- Born: 1952 or 1953 (age 72–73) British Hong Kong
- Occupation: businessman
- Known for: Harmony Airways
- Relatives: Charles Ho (brother); Ho Ying-chie (grandfather);

= David Ho (businessman) =

Hong Kong Canadian entrepreneur

David Ho Ting-kwok (born 1952 or 1953) (Note: Ho was 58 years old as of June 22, 2011.) is a Vancouver-based Canadian entrepreneur originally from Hong Kong. He founded the now-defunct Harmony Airways, and owns the University Golf Club (course land owned and leased from Musqueam Capital Corporation). He has a minority interest in MCL Motors (founded 1992) since selling it to Dilawri Automotive Group in 2010. In 2005 he was named the Businessman of the Year by the Vancouver Junior Board of Trade. Ho is a former member of the Vancouver Police Board.

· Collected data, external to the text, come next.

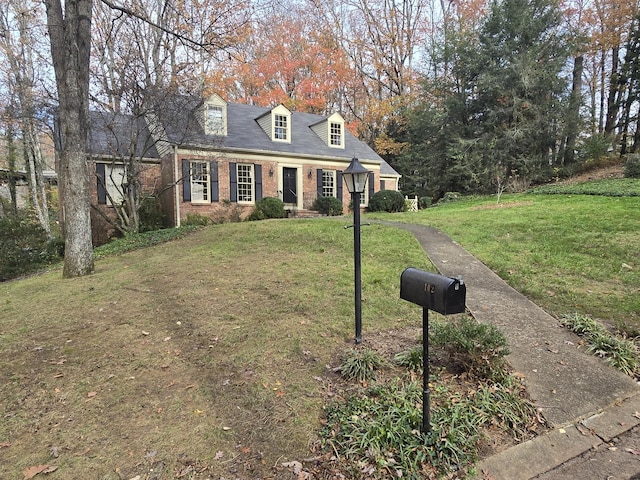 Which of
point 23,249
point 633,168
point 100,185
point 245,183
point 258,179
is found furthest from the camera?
point 258,179

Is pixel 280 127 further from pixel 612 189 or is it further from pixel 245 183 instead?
pixel 612 189

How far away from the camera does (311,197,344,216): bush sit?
16.1 meters

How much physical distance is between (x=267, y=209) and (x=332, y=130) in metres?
6.10

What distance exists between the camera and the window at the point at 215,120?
563 inches

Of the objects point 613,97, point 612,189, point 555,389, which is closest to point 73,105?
point 555,389

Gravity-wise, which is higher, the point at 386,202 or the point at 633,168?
the point at 633,168

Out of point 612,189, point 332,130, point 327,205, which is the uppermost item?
point 332,130

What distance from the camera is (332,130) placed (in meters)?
18.1

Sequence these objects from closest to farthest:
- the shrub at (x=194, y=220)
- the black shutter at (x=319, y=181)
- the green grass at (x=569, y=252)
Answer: the green grass at (x=569, y=252), the shrub at (x=194, y=220), the black shutter at (x=319, y=181)

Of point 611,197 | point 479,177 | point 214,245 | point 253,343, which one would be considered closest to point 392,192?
point 479,177

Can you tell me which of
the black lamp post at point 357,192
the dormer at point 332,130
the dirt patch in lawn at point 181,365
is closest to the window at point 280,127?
the dormer at point 332,130

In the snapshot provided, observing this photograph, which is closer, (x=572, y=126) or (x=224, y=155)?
(x=224, y=155)

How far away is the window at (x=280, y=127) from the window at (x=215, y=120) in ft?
8.27

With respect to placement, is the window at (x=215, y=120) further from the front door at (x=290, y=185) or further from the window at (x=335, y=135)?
the window at (x=335, y=135) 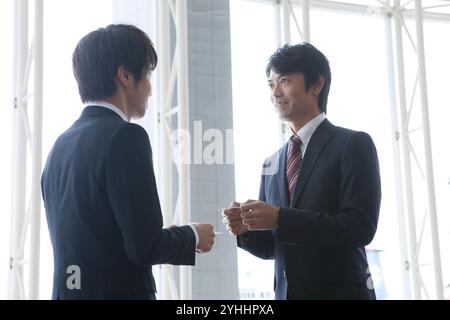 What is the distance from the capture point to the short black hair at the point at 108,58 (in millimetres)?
1967

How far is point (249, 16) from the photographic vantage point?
689 cm

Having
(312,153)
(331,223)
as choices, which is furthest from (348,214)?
(312,153)

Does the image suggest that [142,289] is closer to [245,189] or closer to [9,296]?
[9,296]

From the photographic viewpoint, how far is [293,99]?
8.11ft

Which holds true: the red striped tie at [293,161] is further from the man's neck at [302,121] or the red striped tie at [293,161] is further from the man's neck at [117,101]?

In 2009, Ho was charged with unlawful confinement, cocaine possession and possession of an unregistered firearm in relation to an incident involving a prostitute. On 2 February 2012, he pleaded guilty to a charge of unlawful confinement and was given a one-year suspended sentence, 45 hours of community service and a $5,000 fine.

Ho and his family have been frequent donors to various charities, especially Orbis International.

Ho's name was found in the Panama Papers involving his registration of Harmonyworld Investment Company by Mossack Foncesa.

==Background==
Ho's grandfather, Ho Ying-chie, owned the Hong Kong Tobacco Co., the eighth-largest tobacco company worldwide. Sing Tao News Corporation Limited chairman Charles Ho is his brother.

Ho attended Woodberry Forest School in Virginia, and then studied business at the University of Richmond. Ho, and his then-wife Rita Fung (sister of Fairchild Group CEO Thomas Fung and daughter of Fung King Hey, co-founder of Sun Hung Kai & Co. of Hong Kong), arrived in Canada in 1984 because she had family in the Vancouver area. The couple divorced in 1995. Ho later married Winnie Schweitzer, who along with Ho are directors in Seychelles registered Harmonyworld Investments.